Even after four hours of steady snowfall, roads in Blount County were mostly free of any accumulation or ice Tuesday night.
In the past, the county has not pretreated roads. Last winter, the Blount County Highway Department tested a calcium pretreatment on a few main county roads. Tuesday's snowfall was the first time the county prepared for the snow with the treatment.
"We're getting close to probably around 7,000-8,000 gallons of calcium, which is a lot, especially for Blount County," Highway Department Superintendent Jeff Headrick said. "We've been able since 1 p.m. yesterday to pretreat a lot of roads that have probably never been pretreated before."
Department supervisors said the difference in the pretreatment was clear.
"Normally this road right here would be completely covered, I mean covered in ice," Scott White said as he drove his plow along Dotson Memorial Road. "This is what the calcium does to it. It breaks it up to where you can get it off with the plow. Most the time, you couldn't do it."
White said the calcium treatment allowed crews to keep county roads safer for longer.
"It's starting to freeze back and turn to slush.
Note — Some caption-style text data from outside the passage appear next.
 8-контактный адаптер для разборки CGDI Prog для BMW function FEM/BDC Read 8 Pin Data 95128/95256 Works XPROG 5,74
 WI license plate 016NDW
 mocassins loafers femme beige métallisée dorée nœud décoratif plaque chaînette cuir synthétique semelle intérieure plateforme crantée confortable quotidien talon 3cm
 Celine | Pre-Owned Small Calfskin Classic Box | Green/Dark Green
There'll be a certain window when we'll not be able to get it off the road, but all in all, they're in great shape compared to what they usually are," White said.
While TDOT is responsible for the state highways through Blount County, the county highway department is still responsible for more than 830 miles of roads.
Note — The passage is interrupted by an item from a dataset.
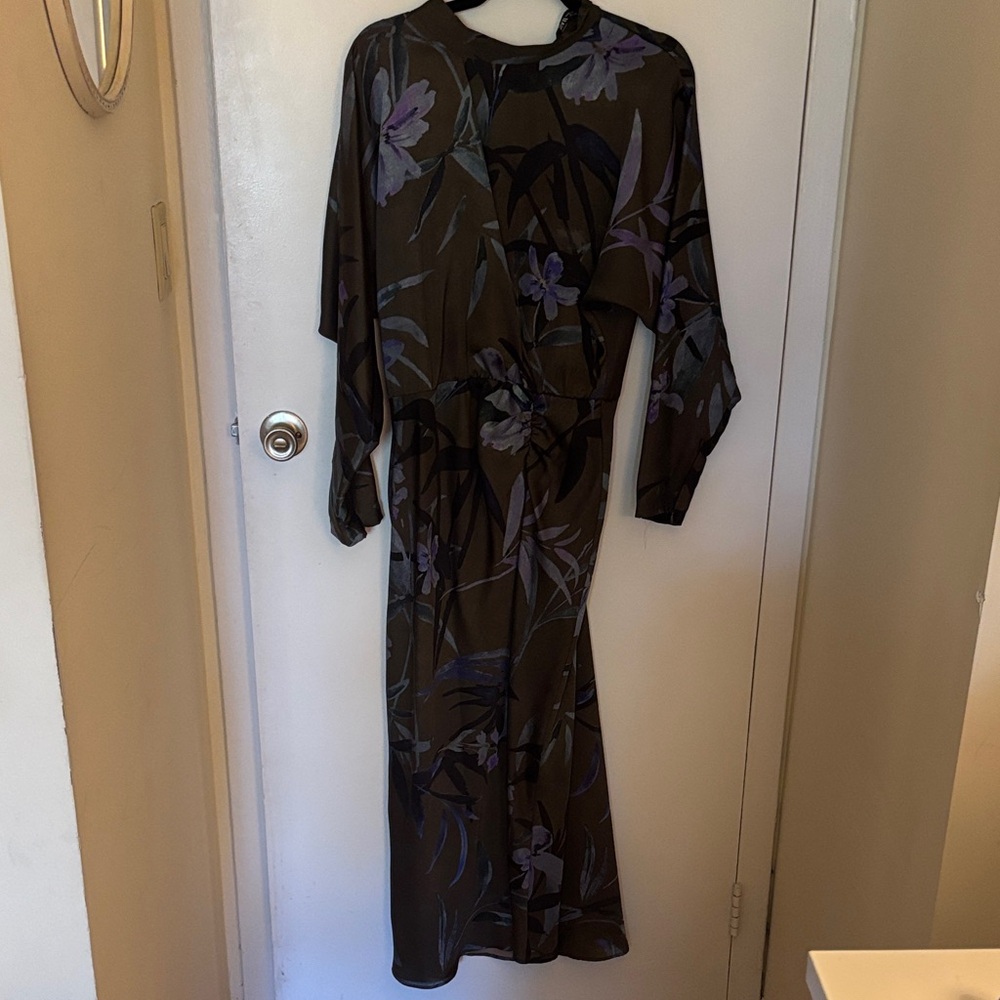 Zara Black and Purple Floral Long Sleeve Dress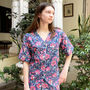 Navy And Pink Block Print 100% Cotton Ladies Pyjama Short Set, thumbnail 4 of 10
Headrick said despite the thorough treatment, the bitter temperatures and steep terrain continue to cause problems for the department.
Roads in the county along Chilhowee Mountain including Montvale Road, Butterfly Gap Road and Happy Valley Road have steep grades with numerous narrow switchbacks.
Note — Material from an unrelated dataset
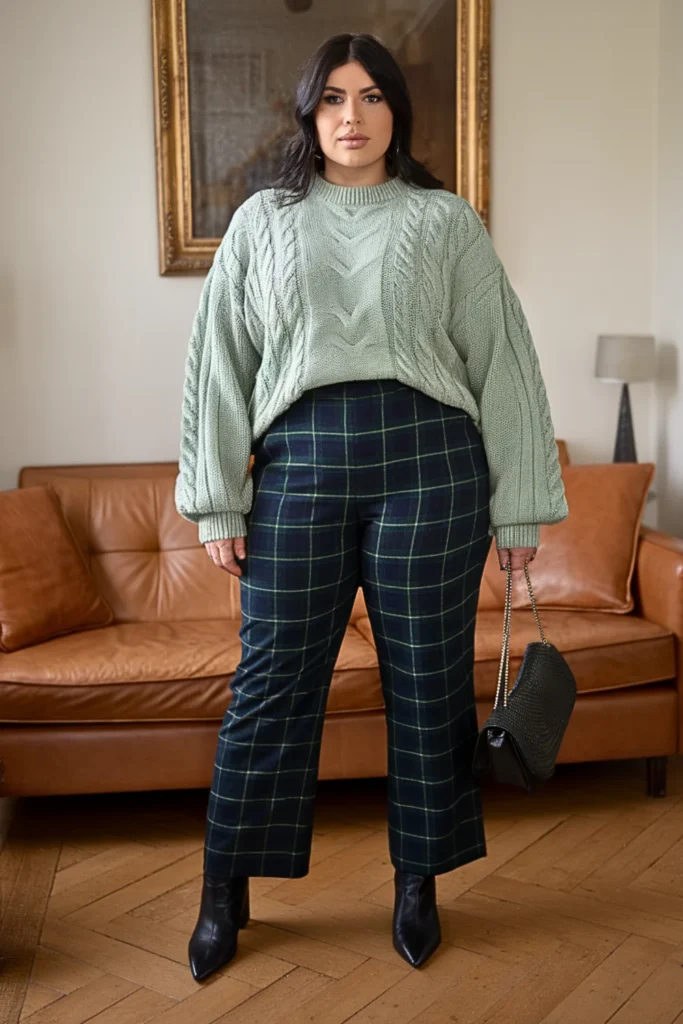 Plus Size Cable Knit Sweater and Plaid Straight Leg Pants Winter Outfit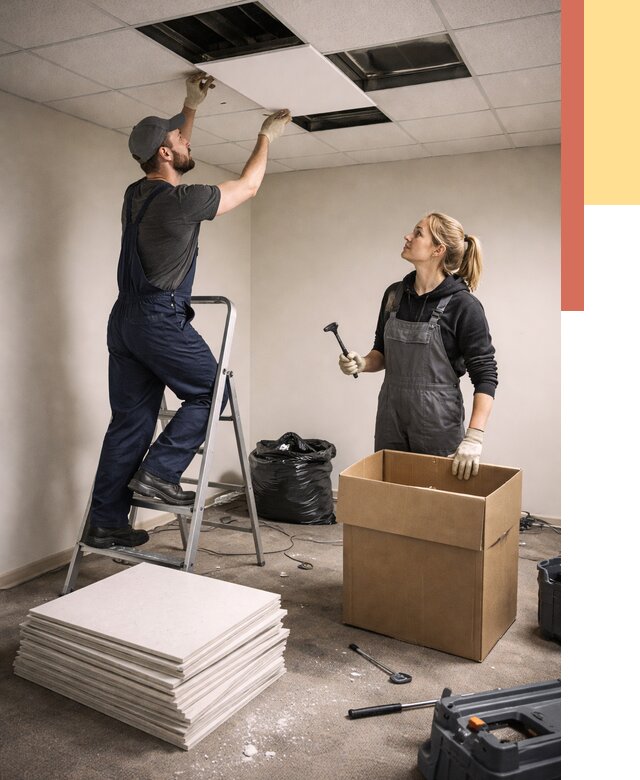 Демонтаж потолочной плитки в Апатитах от 4667 руб. быстро и недорого | ОТДЕЛОЧНИК-Птт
"You've got anywhere from 14 to 18-percent grades, not a whole lot of shoulder, which doesn't leave a lot of room for error," Headrick said. "Not a lot of places where you can even put a guardrail, and they're narrow. Some are 18 feet or less."
The Blount County Highway Department switched from treating with calcium to using salt and plows once the snow started falling around 2 p.m. Tuesday. Headrick says the crews worked until around 9:30 p.m. and would resume salting and plowing again at daylight on Wednesday.